Skip the pictures. Retype exactly, and only, the lines between the line holding "Exposed soil with" and the last line below, inclusive.

## Recorded information
════════

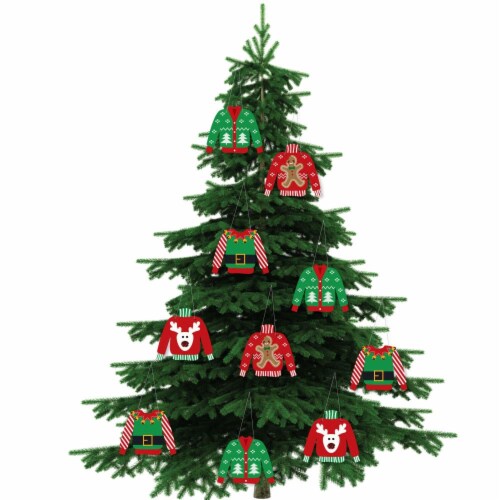 Big Dot of Happiness Hanging Ugly Sweater Outdoor Hanging Holiday Christmas Party Decor 10 Pc Perspective: back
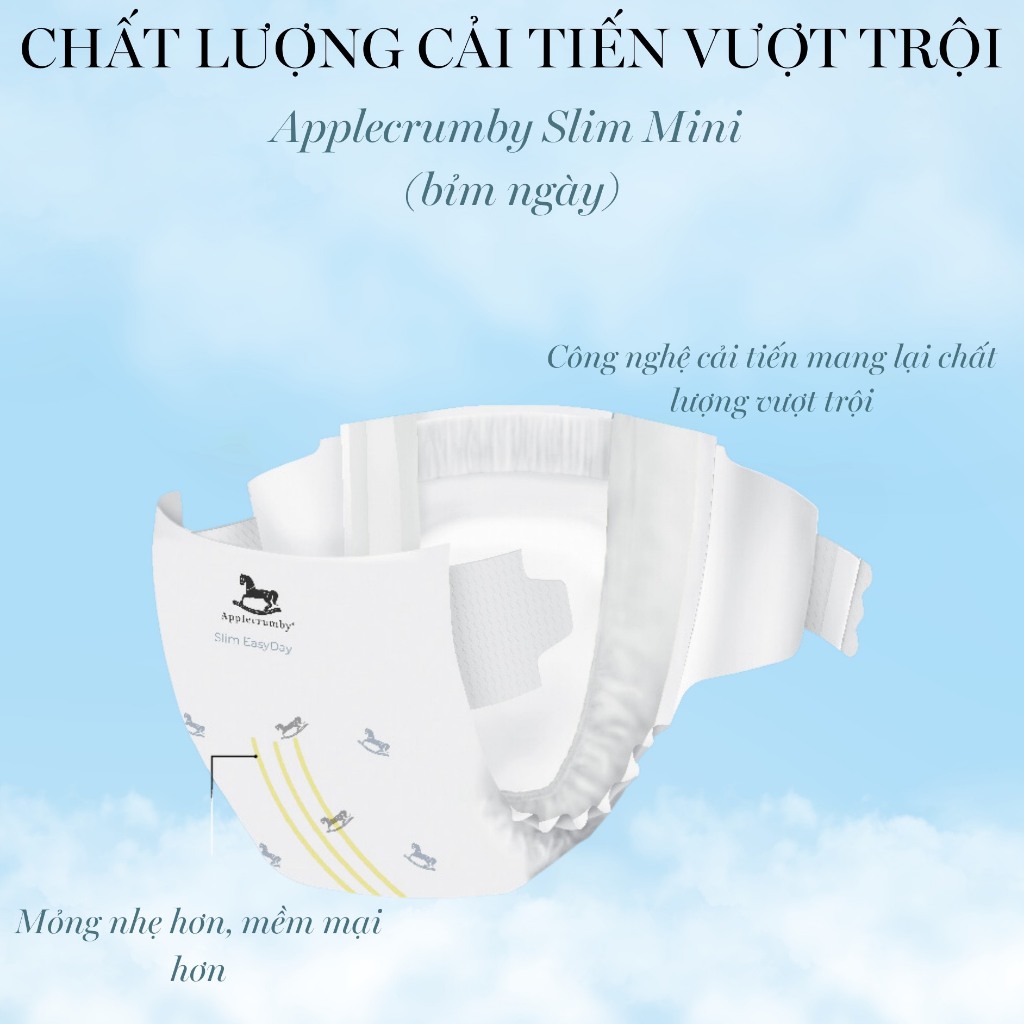 COMBO 1 THÙNG 2 bịch Bỉm dán/quần APPLECRUMBY SLIM Version 2023 cao cấp Malaysia cho bé S21/M19/L17/XL15/XXL13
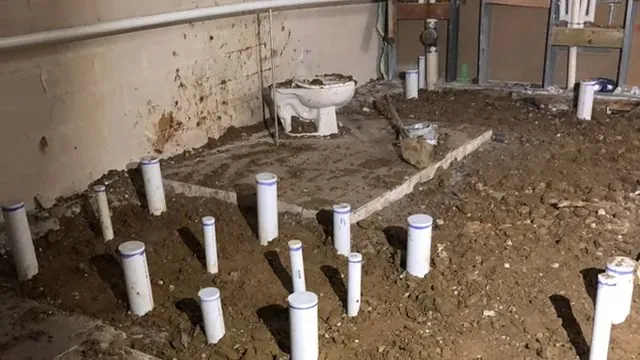 Exposed soil with a grid of white PVC stub-outs and a toilet standing on bare ground in front of a stained wall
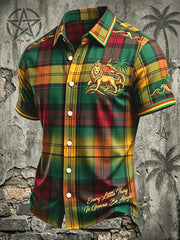 Retro Reggae Checkered Casual Shirt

════════

## Solved exercise
 Exposed soil with a grid of white PVC stub-outs and a toilet standing on bare ground in front of a stained wall
 Retro Reggae Checkered Casual Shirt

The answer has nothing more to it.